As technology and medicine advance together, questions arise of what we do with the information gained from DNA. Genes can and often are being associated with certain talent and abilities, for example educational engagement, weight, and musical ability. Klitzman argued that this association between genes and ability as ridiculous, but the perpetuation of this myth means more and more people who opt to have genetic babies are designing the genes in order to pre-determine the ability of their soon-to-be baby. There are also, Klitzman noted, biases in algorithms related to genes and gene coding, particularly in terms of racial biases. This algorithmic bias is something the U.S. Representative for New York’s 14th district Alexandria Ocasio-Cortez has pointed out, stating, and backed by scientists, that algorithms and facial recognition technology are racist. This calls into question not only how algorithms and technology should be changed in order to comprehend DNA and people equally, but more importantly who changes the algorithms. If algorithms continue to be created and worked on by white people, mostly men, then we will run into the same problems in the future.

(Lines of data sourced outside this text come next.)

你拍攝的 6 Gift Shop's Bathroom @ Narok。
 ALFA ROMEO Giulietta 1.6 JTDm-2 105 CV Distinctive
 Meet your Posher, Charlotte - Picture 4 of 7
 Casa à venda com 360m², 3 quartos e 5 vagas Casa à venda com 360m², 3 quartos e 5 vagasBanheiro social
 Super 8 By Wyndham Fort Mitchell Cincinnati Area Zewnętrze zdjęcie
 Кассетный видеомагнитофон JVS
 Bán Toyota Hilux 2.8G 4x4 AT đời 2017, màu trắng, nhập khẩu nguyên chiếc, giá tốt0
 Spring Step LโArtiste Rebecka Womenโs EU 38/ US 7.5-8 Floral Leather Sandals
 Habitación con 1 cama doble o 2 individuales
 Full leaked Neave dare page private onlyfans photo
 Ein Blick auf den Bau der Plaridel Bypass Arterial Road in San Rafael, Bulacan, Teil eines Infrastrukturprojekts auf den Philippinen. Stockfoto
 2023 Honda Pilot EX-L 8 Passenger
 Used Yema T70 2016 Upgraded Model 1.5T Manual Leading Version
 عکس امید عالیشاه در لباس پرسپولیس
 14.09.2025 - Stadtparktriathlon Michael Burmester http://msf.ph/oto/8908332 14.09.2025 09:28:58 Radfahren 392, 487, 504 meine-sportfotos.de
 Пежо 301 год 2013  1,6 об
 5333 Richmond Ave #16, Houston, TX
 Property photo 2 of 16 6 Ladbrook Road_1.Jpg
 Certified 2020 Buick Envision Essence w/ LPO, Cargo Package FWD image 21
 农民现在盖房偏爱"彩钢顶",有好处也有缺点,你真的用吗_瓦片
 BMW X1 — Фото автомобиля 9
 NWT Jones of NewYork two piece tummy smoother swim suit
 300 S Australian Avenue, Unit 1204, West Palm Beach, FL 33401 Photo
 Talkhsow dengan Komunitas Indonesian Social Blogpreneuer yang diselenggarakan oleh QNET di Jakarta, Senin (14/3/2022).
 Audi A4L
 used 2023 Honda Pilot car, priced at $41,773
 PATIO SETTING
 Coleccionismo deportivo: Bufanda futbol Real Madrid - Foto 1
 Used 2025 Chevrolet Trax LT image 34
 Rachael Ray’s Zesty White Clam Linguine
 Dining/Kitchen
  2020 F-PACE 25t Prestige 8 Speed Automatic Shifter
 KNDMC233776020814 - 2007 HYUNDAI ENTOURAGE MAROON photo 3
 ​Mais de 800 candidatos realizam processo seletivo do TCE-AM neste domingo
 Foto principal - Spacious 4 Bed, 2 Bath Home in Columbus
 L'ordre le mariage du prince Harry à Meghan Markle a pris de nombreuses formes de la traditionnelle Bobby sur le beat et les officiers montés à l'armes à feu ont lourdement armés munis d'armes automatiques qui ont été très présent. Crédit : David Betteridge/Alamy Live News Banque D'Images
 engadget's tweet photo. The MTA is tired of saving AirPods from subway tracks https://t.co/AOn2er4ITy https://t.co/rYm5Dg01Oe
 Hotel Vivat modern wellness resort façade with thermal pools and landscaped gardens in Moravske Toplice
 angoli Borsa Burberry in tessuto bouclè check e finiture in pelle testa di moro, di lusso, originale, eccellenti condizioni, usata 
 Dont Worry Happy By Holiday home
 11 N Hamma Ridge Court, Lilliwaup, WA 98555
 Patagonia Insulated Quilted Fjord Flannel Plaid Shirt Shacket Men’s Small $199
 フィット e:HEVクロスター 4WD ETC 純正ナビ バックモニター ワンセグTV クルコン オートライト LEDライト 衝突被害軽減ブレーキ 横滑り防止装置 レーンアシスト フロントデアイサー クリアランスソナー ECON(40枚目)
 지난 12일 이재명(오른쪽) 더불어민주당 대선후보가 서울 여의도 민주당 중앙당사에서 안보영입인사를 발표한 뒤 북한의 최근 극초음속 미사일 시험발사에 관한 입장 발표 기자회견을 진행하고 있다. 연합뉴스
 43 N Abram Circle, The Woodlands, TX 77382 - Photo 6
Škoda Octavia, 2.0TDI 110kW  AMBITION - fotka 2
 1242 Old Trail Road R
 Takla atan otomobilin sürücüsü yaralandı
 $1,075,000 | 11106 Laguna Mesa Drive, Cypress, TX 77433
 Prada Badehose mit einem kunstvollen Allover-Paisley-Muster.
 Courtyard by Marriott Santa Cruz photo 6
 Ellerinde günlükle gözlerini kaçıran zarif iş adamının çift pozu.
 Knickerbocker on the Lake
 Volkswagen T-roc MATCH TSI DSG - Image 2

Hoffman’s talk highlighted issues that would be explored in the second part of the conference, ‘Designing Babies’. Hoffman gave examples of ethical cases that he has dealt with or heard of, including one of a woman who was ordered to give embryos to her husband because they had insurance coverage on the embryos. According to Hoffman, in Arizona the legislation stands that the embryos go to whoever wants to bring them to term. Considering the United States are still dealing with arguments over the legality of abortion, it’s worrying that those who do not create the embryos are given as much rights to the cells as the women who do. Through this logic, the embryonic cells have the same, if not more, rights than the human woman.

For his talk for the second part of the collaboration between EHESP and Columbia, Klitzman focused on the buying and selling of eggs. According to Klitzman, there are only three countries in the world where you can buy and sell eggs: India, Russia, and the US. Whilst, as Klitzman observed, the buying and selling of eggs may seem like a positive thing for those who can’t have children or for lesbian and gay people, the market-sharing of eggs creates more problems than it solves. Not only does it discourage people from adopting children, but the buying and selling of eggs brings up ethical questions of who chooses if the child is a boy or a girl, of whether to alter its genes, of who ‘created’ the child, and, most worryingly of all, of nuclear farming -- babies could potentially be mass-produced in laboratories.

Both conferences’ discussions focused on the use and purposes of embryos from a nuclear familial perspective. This focus on a two-parent rather than one-parent household signals another sign of the problem of ‘designer babies’: the idea that only a certain kind of person with a certain kind of lifestyle and amount of money is allowed to have a child.

Klitzman closed the two conferences with an emphasis that there needs to be more regulation on the use of embryos, on who can use them, and on who it is that decides on this regulation. However, what the two conferences showed is that as technology and medicine advance together, there is a worrying attempt to distance ourselves from the fact that we are born from the womb to being born inside of a laboratory. Rather than being used to help infertile women who want to have children, the advancement of the biological sciences and of technology seems to be an attempt to help men monopolise and create a sinister, artificial birthing industry away from the womb.